Howdy, Stranger!

It looks like you're new here. If you want to get involved, click one of these buttons!


How to scale a download server ?
New on LowEndTalk? Please Register and read our Community Rules.

All new Registrations are manually reviewed and approved, so a short delay after registration may occur before your account becomes active.

How to scale a download server ?

RolterRolter Member

Hi guys , so i have a website that is serving a lot of downloads and during the peak hours , CPU load average goes a lot beyond the 100% and disk I/O during the peak hours is around 20Mb/s , which i guess is the upper limit for my HDD (it is SATA)

I might switch to SSD for serving downloads ,what do you guys think I should do , besided getting SSD ?

«1

Comments

  • NomadNomad Member

    Maybe if you share information other than having an HDD people might reccomend better and you can prevent needless multiple questions. Such as ia it a VPS, what's your Web server software, ram, cpu etc?

  • telephonetelephone Member
    edited May 2015

    A few questions so we can better understand the situation:

    • What specs are the VPS/Server?
    • How many downloads are initiated during peak hours? (100 req/s)
    • What's the average file size?
    • Are the files static? (Only updated every X days)
    • How are you serving the downloads? (HTTP via Nginx)
      • What settings are you using? (Your virtual host or conf file)
    Thanked by 1ehab
  • rds100rds100 Member

    Split it to several servers? Use a CDN?
    What is there to download? How big is it?

  • RolterRolter Member
    edited May 2015

    The server is a dedicated server

    Here are the specs

    Ram - 16GB
    CPU model - 1230 V3 
    HDD - 2X2TB
    Port speed - 1GB/s unmetered
    

    @telephone
    During the peak hours their are around 500 simulatenous downloads , the files are small , each around 2-8Mb

    The files are cached files , so yes they are static files , I am serving most files from cache already , which has a total allocated space of 3TB and yes the files are being served by the nginx proxy-pass , proxy-cache module , but i have not implemented any real upstreams yet as i did not need any so far.

    @rds100 - I am using cloudflare for caching the html pages , but other than that , their is no CDN setup by myself yet .

    I have also made sure that their no script or mysql bottleneck , since mysql has plenty of memory and a lot of RAM is unused even during peak with Redis being used to cache some of the most volatile mysql data .

  • vfusevfuse Member, Host Rep

    multiple A records if you can afford to setup another server.

  • chihcherngchihcherng Veteran
    edited May 2015

    Serve download files with Bittorrent? Shrink the memory for MySQL and give it to file buffer instead, so I/O speed won't be limited by your HDD?

  • RizRiz Member

    Where is your server currently located? What is your audience?
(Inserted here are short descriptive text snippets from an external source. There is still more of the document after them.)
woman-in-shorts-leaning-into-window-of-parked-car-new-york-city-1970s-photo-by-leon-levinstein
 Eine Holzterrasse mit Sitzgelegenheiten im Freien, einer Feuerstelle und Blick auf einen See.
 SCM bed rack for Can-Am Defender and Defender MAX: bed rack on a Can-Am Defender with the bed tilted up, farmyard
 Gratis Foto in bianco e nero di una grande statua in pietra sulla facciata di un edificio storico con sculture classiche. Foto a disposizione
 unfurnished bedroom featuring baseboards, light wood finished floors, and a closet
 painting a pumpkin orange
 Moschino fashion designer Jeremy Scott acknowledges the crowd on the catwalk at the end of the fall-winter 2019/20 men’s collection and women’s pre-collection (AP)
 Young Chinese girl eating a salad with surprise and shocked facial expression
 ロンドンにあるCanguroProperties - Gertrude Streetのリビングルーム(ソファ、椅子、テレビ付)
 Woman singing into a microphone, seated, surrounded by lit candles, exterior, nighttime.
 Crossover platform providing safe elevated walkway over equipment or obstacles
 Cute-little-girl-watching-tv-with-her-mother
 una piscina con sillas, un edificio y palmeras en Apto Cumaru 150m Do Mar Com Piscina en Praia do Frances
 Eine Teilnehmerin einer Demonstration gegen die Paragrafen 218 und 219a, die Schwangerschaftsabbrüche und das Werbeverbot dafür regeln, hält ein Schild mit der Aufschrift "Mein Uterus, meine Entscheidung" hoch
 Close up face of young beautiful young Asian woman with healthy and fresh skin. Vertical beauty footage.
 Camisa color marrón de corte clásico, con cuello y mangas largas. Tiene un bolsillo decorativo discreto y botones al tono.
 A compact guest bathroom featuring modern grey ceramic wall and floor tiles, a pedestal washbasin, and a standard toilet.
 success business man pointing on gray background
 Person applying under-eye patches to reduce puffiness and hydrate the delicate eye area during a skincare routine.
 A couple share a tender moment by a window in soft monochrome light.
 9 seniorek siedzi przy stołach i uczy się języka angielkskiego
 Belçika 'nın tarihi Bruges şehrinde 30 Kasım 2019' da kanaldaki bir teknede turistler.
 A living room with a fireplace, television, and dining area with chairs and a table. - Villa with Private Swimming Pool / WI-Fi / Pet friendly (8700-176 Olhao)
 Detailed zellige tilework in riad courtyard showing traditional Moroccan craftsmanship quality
    Can always use rsync / btsync / syncthing to sync files between the servers, and offer geo based serving.

  • With a spec like that you can do a LOT more than 500 downloads of 2-8MB. I basing this on a busy mirror site we run, which is running 700-800Mbps almost continually with thousands of downloads going on.

    You need to optimise that machine or server. Are you serving the file straight from disk?

    What kernel optimisations have you run? What NIC is in there?

  • RolterRolter Member
    edited May 2015

    @MarkTurner

    Thank you for chiming in

    Yes i am serving the files straight from disk , but it is from nginx cache ..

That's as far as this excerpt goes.